A movie that is as good as or better than the book/story it was based on is a rare thing, indeed. For my two cents, I'd add Mother Night and Fight Club, simply because they were lucky enough to be based on books that translated to the screen well.

But there have actually been a few movies that were better stories than their written versions, with The Last of the Mohicans serving as a good example. I doubt James Fenimore Cooper had an audience with my sensibilities in mind when he wrote the book, but even if you scratch out the two centuries of cultural change the book was a pretty mediocre read. The best thing the script writer did was get rid of the damn psalmist, and then move the love story to the main characters.

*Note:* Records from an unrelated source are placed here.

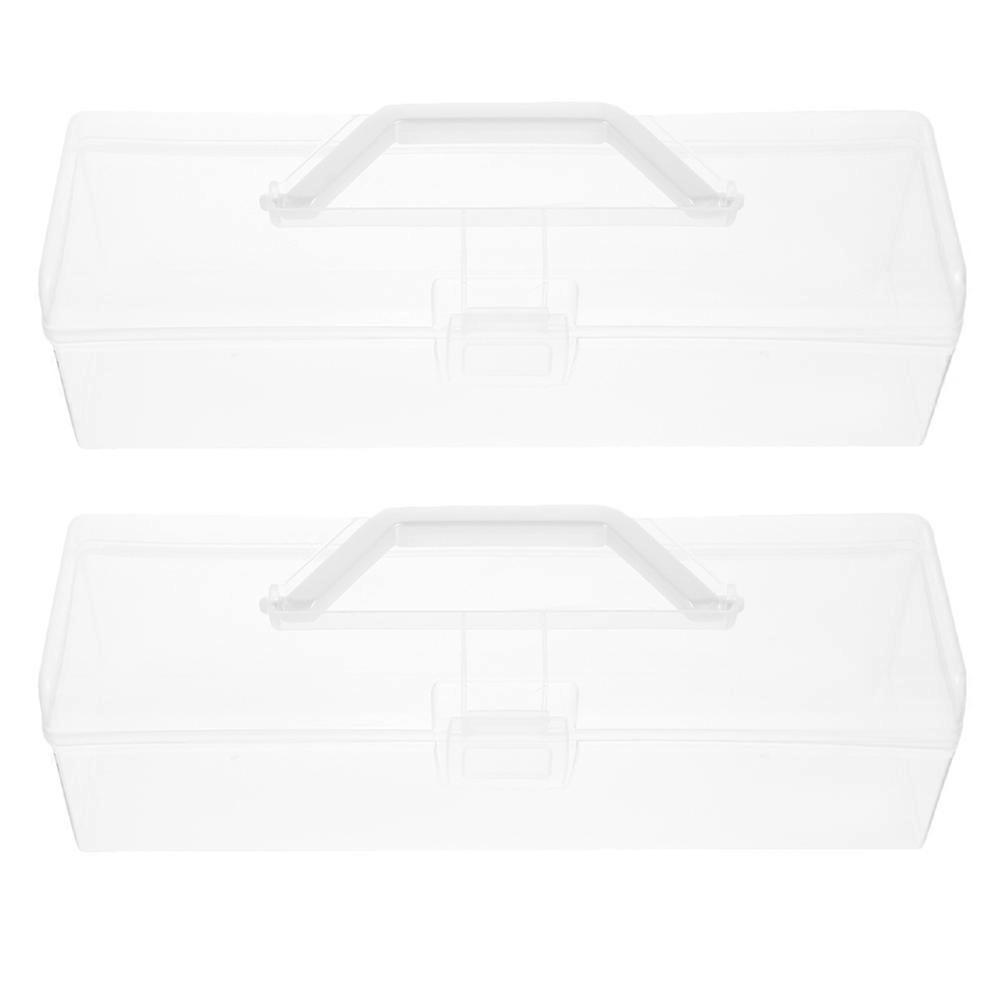 Clear Plastic Pencil Case for Art Craft Storage with Portable Handle 2Pcs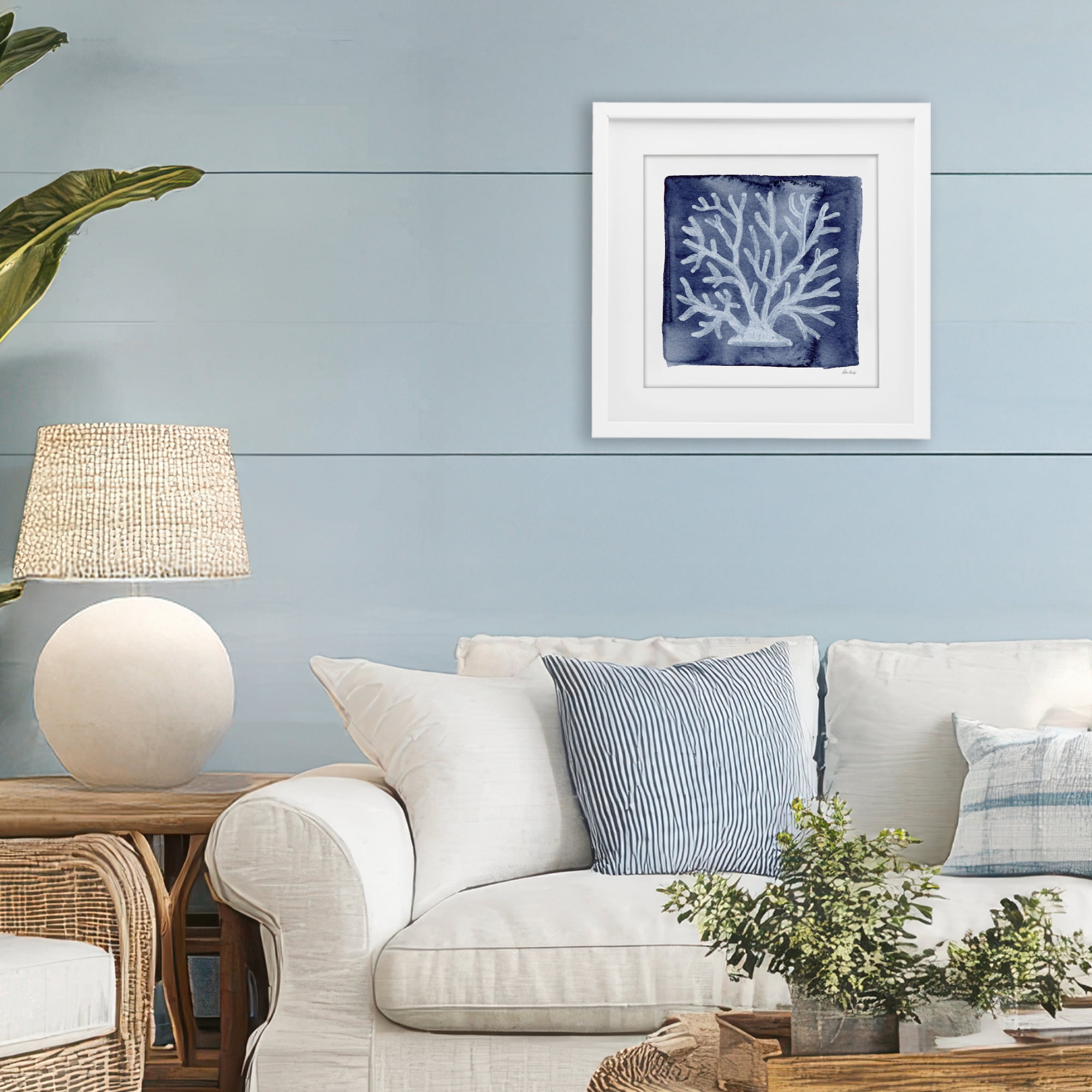 Stupell Industries White Coral on Indigo White Framed Print Under Glass, design by Patti Bishop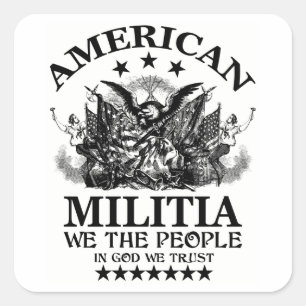 Amerikaanse militie vierkante sticker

I know that Blade Runner is something of a canon work amongst my peers, but it has so little to do with the story upon which it was supposedly based that I don't think it fits in this category at all.

In my opinion, the winner for the worst book-to-movie translation has to be Even Cowgirls Get the Blues. Any other nominees?

2 comments:

Unknown said...

Starship Troopers...horrible adaptation of the most influential sci-fi novel of the last century. As a standalone movie, it's actually good fun, but I remain convinced that Bob Heinlein would break Verhoeven's fingers if he was still alive.

I'd nominate Eragon, too, but that one doesn't count...it was a shitty movie, but the source material was a shitty novel, so I guess you could say it was a faithful adaptation.

mathle said...

Fight Club sucked on the screen. Visually, it didn't work to have a guy talking to his alter ego. In text, this is more plausible due to being once removed from the visual medium of film. I felt duped when I saw the film.